From the Department of Radiology, Zuyderland Medical Center, Heerlen/Sittard/Geleen, the Netherlands.
AJNR Am J Neuroradiol. 2020 Apr;41(4):607-611. doi: 10.3174/ajnr.A6469. Epub 2020 Mar 12.
It is currently not completely clear how well radiologists perform in evaluating large-vessel occlusion on CTA in acute ischemic stroke. The purpose of this study was to investigate potential factors associated with diagnostic error.
Five hundred twenty consecutive patients with a clinical diagnosis of acute ischemic stroke (49.4% men; mean age, 72 years) who underwent CTA to evaluate large-vessel occlusion of the proximal anterior circulation were included. CTA scans were retrospectively reviewed by a consensus panel of 2 neuroradiologists. Logistic regression analysis was performed to investigate the association between several variables and missed large-vessel occlusion at the initial CTA interpretation.
The prevalence of large-vessel occlusion was 16% (84/520 patients); 20% (17/84) of large-vessel occlusions were missed at the initial CTA evaluation. In multivariate analysis, non-neuroradiologists were more likely to miss large-vessel occlusion compared with neuroradiologists (OR = 5.62; 95% CI, 1.06-29.85; = .04), and occlusions of the M2 segment were more likely to be missed compared with occlusions of the distal internal carotid artery and/or M1 segment (OR = 5.69; 95% CI, 1.44-22.57; = .01). There were no calcified emboli in initially correctly identified large-vessel occlusions. However, calcified emboli were present in 4 of 17 (24%) initially missed or misinterpreted large-vessel occlusions.
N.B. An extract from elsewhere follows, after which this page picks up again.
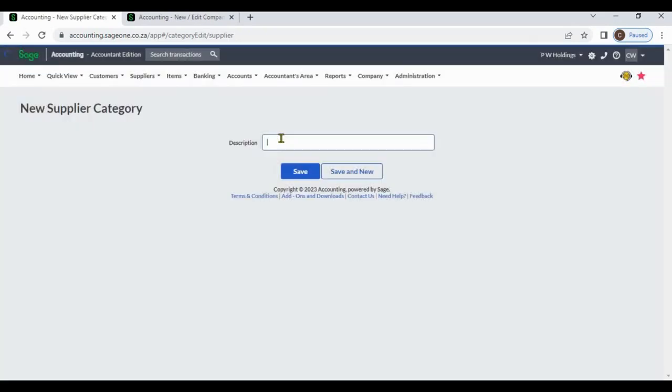You can enter the supplier category description and save.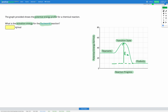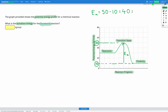For the backwards reaction, we're starting with the products and seeing how much more energy we need to get to the transition state. Products start at 10 kilojoules per mole, and the transition state is at 50 kilojoules per mole. So we need to get from 10 to 50 — the activation energy is 50 minus 10, which is 40 kilojoules per mole.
Several factors may have an association with missing a large-vessel occlusion on CTA, including the CTA interpreter (non-neuroradiologists versus neuroradiologists), large-vessel occlusion location (M2 segment versus the distal internal carotid artery and/or M1 segment), and large-vessel occlusion caused by calcified emboli. Awareness of these factors may improve the accuracy in interpreting CTA and eventually improve stroke outcome.
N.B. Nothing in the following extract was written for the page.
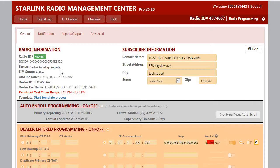We are asking on all new control panel and Starlink installations that this time range is followed immediately upon placing the account into service.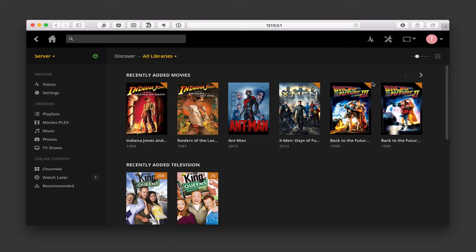Hi, this is Todd Oltoff from ToddOltoff.com coming back at you with another screencast. This week we're going to continue our look at Plex and more specifically some of the features that you get with the Plex Pass. We've covered a number of different features included in Plex and the Plex Pass in this series, so if you haven't seen those yet you may want to go back and take a look at how to set Plex up and all the features available.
目前尚不完全清楚放射科医生在评估急性缺血性卒中 CTA 中的大血管闭塞情况方面的表现如何。本研究旨在探讨与诊断错误相关的潜在因素。
本研究纳入了 520 例经 CTA 评估近端前循环大血管闭塞的急性缺血性卒中患者(49.4%为男性;平均年龄为 72 岁)。由 2 名神经放射科医生对 CTA 扫描进行回顾性复查。采用逻辑回归分析探讨了几个变量与初始 CTA 解读时漏诊大血管闭塞之间的相关性。
大血管闭塞的发生率为 16%(520 例患者中有 84 例);20%(17/84)的大血管闭塞在初始 CTA 评估时漏诊。多变量分析显示,与神经放射科医生相比,非神经放射科医生更有可能漏诊大血管闭塞(OR=5.62;95%CI,1.06-29.85;=0.04),M2 段的闭塞更有可能漏诊,而不是远端颈内动脉和/或 M1 段的闭塞(OR=5.69;95%CI,1.44-22.57;=0.01)。在最初正确识别的大血管闭塞中没有钙化栓子。然而,在最初漏诊或误诊的 17 例大血管闭塞中,有 4 例(24%)存在钙化栓子。
几个因素可能与 CTA 漏诊大血管闭塞有关,包括 CTA 解读者(非神经放射科医生与神经放射科医生)、大血管闭塞位置(M2 段与远端颈内动脉和/或 M1 段)以及由钙化栓子引起的大血管闭塞。了解这些因素可能会提高 CTA 解读的准确性,并最终改善卒中预后。